To cut a very long story short, I plunged headlong into a new relationship last summer. This time I was looking for commitment and a mutual love and respect. I was no longer looking for the quick knee-trembler behind the Co-op I was known for in my youth.
Now, you wouldn’t exactly call my new partner ugly, but she wasn’t exactly attractive. I’d had better. I suppose you could call her a bit of a chav, but then again I did once have it off with Katie Price. Nevertheless, she had potential and I was happy with my lot.
Imagine my surprise when she started to accuse me of being inexperienced and lacking in personality. In my defence, it’s tricky to be exciting and imaginative when she insists on taking you to such God forsaken places as Yeovil and Mansfield for a damp and dirty weekend. I would even take my mate Kevin along for moral support and encouragement. She thought Kevin was weird.
Then, last week, she ditched me. I reminded her that I’d had much better in the past and that she should be flattered I decided to screw her, but I’m afraid there’s no going back. Especially when she accused me of not being able to last for a full 90 minutes. What did she expect? The last thing I’m taking is little blue tablets.
She accepted that I was very unlucky. Perhaps I wouldn’t have been if I had a bit more money to show her a real good time, but I feel that the real issue was that she hadn’t got over her previous partner who wouldn’t stop going back to her.

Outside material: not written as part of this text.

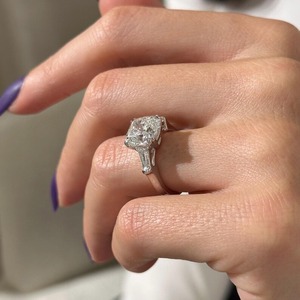 Bague de luxe à trois pierres en diamant de laboratoire E VVS2 taille coussin de 4 carats avec diamants baguette effilés, design classique à double griffe - Product Image 2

I want to start another relationship as soon as possible but, Deidre, how do I get over this set-back? I also think I might have caught a dose.
Edward, 49, London.
Edward, darling, may I suggest that you begin by setting your sights even lower. Once you’re back on the horse, so to speak, your confidence will flourish. Aim for straight-forward missionary to start with but don’t be scared to experiment with more advanced positions. You’ll soon find that you’ll have mutual satisfaction. Oh, and ditch Kevin. He does sound weird. Nobody likes a three way. Actually, they might do, but it usually always involved two women.
And I’m sure the rash will clear up given time.